The yen moved higher vis-à-vis the U.S. dollar today as the greenback tested bids around the ¥116.85 level after encountering offers around the ¥117.65 level. Stops were triggered below the ¥117.10 level, representing the 23.6% retracement of the move from ¥113.00 to ¥118.35. Data released in Japan overnight saw September industrial machinery orders climb 62.9% y/y to ¥978.33 billion while October bank lending was off 0.7% y/y, the 94th consecutive monthly decline. Also, the October M2+CD money supply decelerated to +2.0% growth last month from +2.1% in September. The yen also notched gains on its major crosses and many believe the dollar and other majors will undergo a period of consolidation before traders may try to push the yen lower. Q3 GDP and October CPI data will be released on Friday. The retail inflation data are very important because positive year-on-year inflation is the main criterion Bank of Japan will cite when it finally begins to unwind its long-standing quantitative easing policy. The Nikkei 225 stock index climbed 0.25% today, just shy of a fresh 52-week high. Dollar bids are cited around the ¥116.30 level. The euro moved lower vis-à-vis the yen as the single currency tested bids around the ¥137.60 level and was capped around the ¥138.30 level. The British pound and Swiss franc depreciated vis-à-vis the yen as the crosses tested bids around the ¥203.75 and ¥89.15 levels, respectively. The Chinese yuan appreciated vis-à-vis the U.S. dollar as the greenback closed at CNY 8.0857, down from CNY 8.0867. People’s Bank of China reported it expects GDP will exceed 9.0% this year with CPI printing around 2.0%. PBOC also reported it will work to keep the yuan at a “reasonable and balanced level.” The yuan’s value will likely be on the agenda when President Bush and his administration visit China in about a week.

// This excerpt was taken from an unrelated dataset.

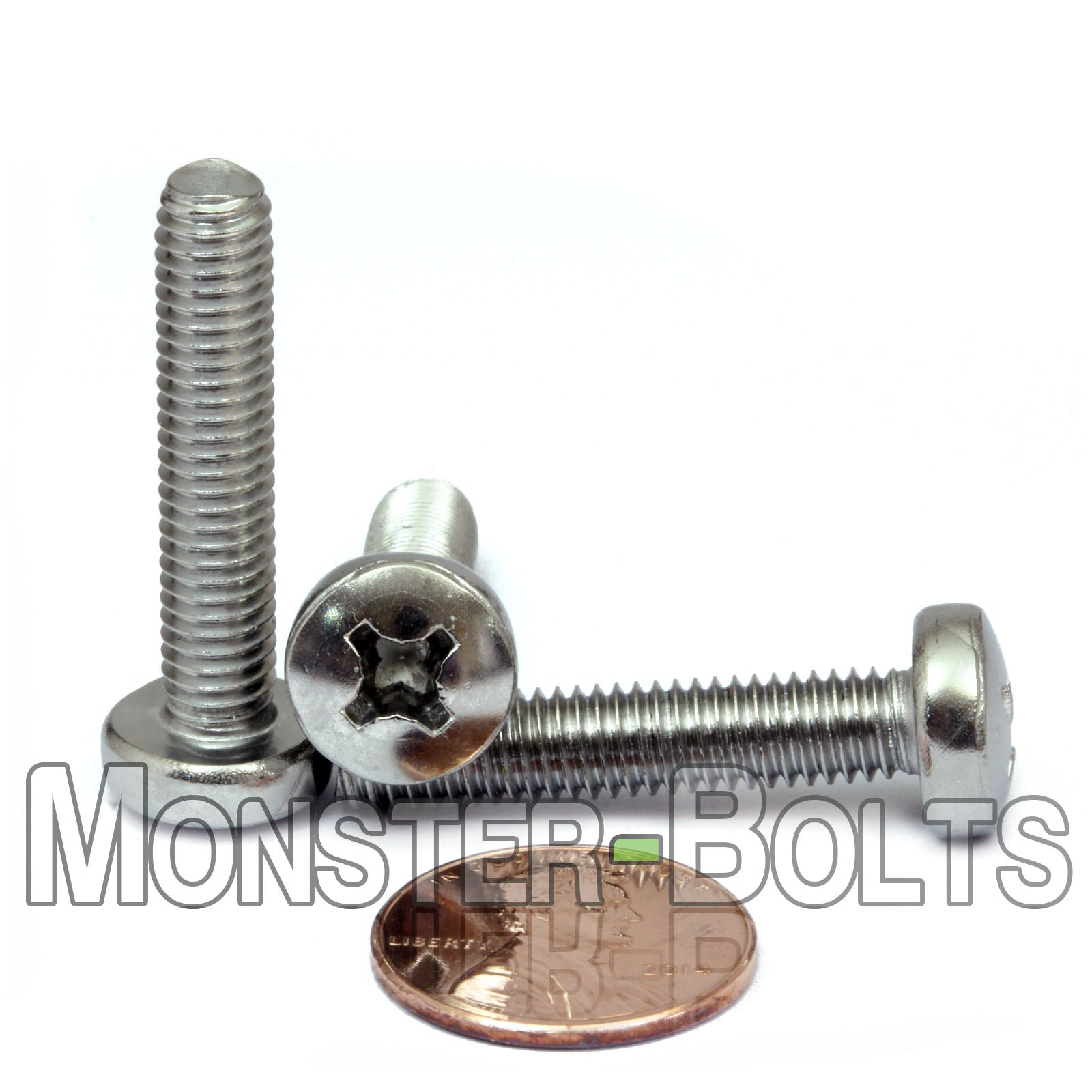 M6 Phillips Pan Head Machine screws, A2 Stainless Steel DIN 7985A Coarse Thread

The British pound extended recent losses vis-à-vis the U.S. dollar today as cable tested bids around the US$ 1.7360 level after running out of steam around the $1.7460 level. The pair yesterday traded as low as the $1.7325 level, its weakest showing since July of this year. Technically, today’s high was right around the 23.6% retracement of the move from $1.7900 to $1.7325. It was reported today that the U.K.’s global trade deficit was at -£5.4 billion in September from an upwardly revised -£5.9 billion in August. Notably, the U.K.’s trade deficit with the European Union worsened from -£2.8 billion to -£3.1 billion. BRC released its October shop price index overnight and reported prices were off 0.96% m/m and 0.04% y/y. The downturn in prices partially reflects a slowdown in consumption, a worrying development in a services-oriented economy. Cable offers are cited around the $1.7460/ 1.7540 levels. The euro moved lower vis-à-vis the British pound as the single currency tested bids around the £0.6740 level and was capped around the £0.6765 level.
The Swiss franc depreciated marginally vis-à-vis the U.S. dollar today as the greenback tested offers around the CHF 1.3160 level and was supported around the CHF 1.3080 level. Technically, the pair stopped about 25 pips short of testing the 23.6% retracement level of its move from CHF 1.2695 to CHF 1.3170. Traders await comments from Swiss National Bank officials Blattner and Hildebrand today. Dollar bids are cited around the CHF 1.3060/ 1.2990 levels. The euro moved lower vis-à-vis the Swiss franc as the single currency tested bids around the CHF 1.5420 level while the British pound gained ground vis-à-vis the Swiss franc and tested offers around the CHF 2.2890 level.